Securing stronger legal protections for the Pantanal will reduce land conversion, protect Indigenous peoples and reduce the risk of devastating wildfires that contribute to global heating. It is not too late to save it, but we cannot wait any longer.

Up in smoke

In 2020, drought contributed to the spread of wildfires that destroyed one-third of the Pantanal. Some 17 million vertebrate animals were killed by the fires or shortly afterwards due to a lack of food and water. The wildfires released 115 million tons of carbon dioxide into the atmosphere.

Over 38,000 square kilometres – an area larger than Belgium – burned in 2020.

The fires damaged ecological processes, and increased competition over food and water will have a lasting impact on the Pantanal’s wildlife.

There is a significant risk that degradation will intensify following the weakening of environmental legislation in Mato Grosso State. Moreover, increasing protection for the Amazon may have a displacement effect, driving damaging practices further into the Pantanal.

EJF’S CAMPAIGN TO PROTECT THE PANTANAL

Working with local environmental defenders and Indigenous communities, our investigative team films the destructive impacts of industrial cattle ranching on the biome and the people who depend upon it.

Our work is providing direct support through training, equipment and mentoring to grassroots environmental defenders so that they can show the beauty of this unique place and the threats to its survival.
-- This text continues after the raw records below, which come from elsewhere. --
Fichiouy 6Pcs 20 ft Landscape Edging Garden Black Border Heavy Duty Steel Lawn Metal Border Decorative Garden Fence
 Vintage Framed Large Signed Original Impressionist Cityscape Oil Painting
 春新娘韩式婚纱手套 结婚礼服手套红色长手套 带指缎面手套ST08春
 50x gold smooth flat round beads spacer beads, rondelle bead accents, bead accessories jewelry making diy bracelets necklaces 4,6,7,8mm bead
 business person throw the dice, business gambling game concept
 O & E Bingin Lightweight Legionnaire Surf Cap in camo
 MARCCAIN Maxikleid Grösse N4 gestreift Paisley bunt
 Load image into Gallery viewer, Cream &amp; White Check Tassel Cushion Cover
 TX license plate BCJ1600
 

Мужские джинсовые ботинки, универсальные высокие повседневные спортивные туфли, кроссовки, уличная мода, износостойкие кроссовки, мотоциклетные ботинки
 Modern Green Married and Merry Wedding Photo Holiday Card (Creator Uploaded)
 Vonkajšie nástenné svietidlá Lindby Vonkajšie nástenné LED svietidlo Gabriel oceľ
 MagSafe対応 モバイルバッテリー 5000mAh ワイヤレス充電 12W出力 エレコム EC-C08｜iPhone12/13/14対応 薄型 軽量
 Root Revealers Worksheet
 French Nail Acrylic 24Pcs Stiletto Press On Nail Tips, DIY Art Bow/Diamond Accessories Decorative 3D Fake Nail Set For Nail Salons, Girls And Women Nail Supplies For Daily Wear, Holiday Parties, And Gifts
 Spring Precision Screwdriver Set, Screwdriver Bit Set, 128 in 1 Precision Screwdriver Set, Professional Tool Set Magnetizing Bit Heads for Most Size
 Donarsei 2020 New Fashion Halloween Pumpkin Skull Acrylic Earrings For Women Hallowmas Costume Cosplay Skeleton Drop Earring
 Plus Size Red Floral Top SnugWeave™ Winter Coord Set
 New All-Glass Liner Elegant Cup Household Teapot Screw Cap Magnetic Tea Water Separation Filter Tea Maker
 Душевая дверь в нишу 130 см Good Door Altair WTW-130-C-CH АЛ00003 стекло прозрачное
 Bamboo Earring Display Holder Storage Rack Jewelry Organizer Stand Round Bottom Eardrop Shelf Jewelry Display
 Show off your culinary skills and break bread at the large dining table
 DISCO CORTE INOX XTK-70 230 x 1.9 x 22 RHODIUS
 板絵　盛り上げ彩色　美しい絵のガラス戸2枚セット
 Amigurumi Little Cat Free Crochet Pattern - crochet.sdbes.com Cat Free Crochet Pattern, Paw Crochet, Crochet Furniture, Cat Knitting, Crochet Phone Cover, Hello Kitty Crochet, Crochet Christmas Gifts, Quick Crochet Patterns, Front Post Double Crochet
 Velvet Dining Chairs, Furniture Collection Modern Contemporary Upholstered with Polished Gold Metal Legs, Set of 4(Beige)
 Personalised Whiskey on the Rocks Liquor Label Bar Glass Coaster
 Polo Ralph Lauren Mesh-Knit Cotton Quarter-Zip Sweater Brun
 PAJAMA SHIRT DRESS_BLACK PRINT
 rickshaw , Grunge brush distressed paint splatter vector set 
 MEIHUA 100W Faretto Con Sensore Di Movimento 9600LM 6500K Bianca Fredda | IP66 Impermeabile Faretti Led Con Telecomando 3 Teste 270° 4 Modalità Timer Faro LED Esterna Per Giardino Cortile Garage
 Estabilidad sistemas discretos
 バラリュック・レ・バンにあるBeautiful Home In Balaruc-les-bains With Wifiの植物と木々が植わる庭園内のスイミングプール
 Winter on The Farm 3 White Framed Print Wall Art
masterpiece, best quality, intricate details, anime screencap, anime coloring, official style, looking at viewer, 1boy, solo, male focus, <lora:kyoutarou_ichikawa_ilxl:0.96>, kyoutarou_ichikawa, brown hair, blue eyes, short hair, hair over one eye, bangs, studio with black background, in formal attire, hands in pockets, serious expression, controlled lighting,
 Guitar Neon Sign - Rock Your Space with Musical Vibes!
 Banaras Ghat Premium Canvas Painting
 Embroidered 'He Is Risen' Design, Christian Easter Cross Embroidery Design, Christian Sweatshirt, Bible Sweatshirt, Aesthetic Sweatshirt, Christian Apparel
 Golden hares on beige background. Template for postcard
We are also developing our targeted advocacy in Brasília and Europe, calling for political will and effective responses to protect the Pantanal. Our local team presents our detailed research and evidence to high-level decision-makers in Brasília. In the UK, Brussels and the wider EU, together with global partners, we are demanding closer scrutiny of beef and soy supply chains to eradicate products tainted with the destruction of the Pantanal.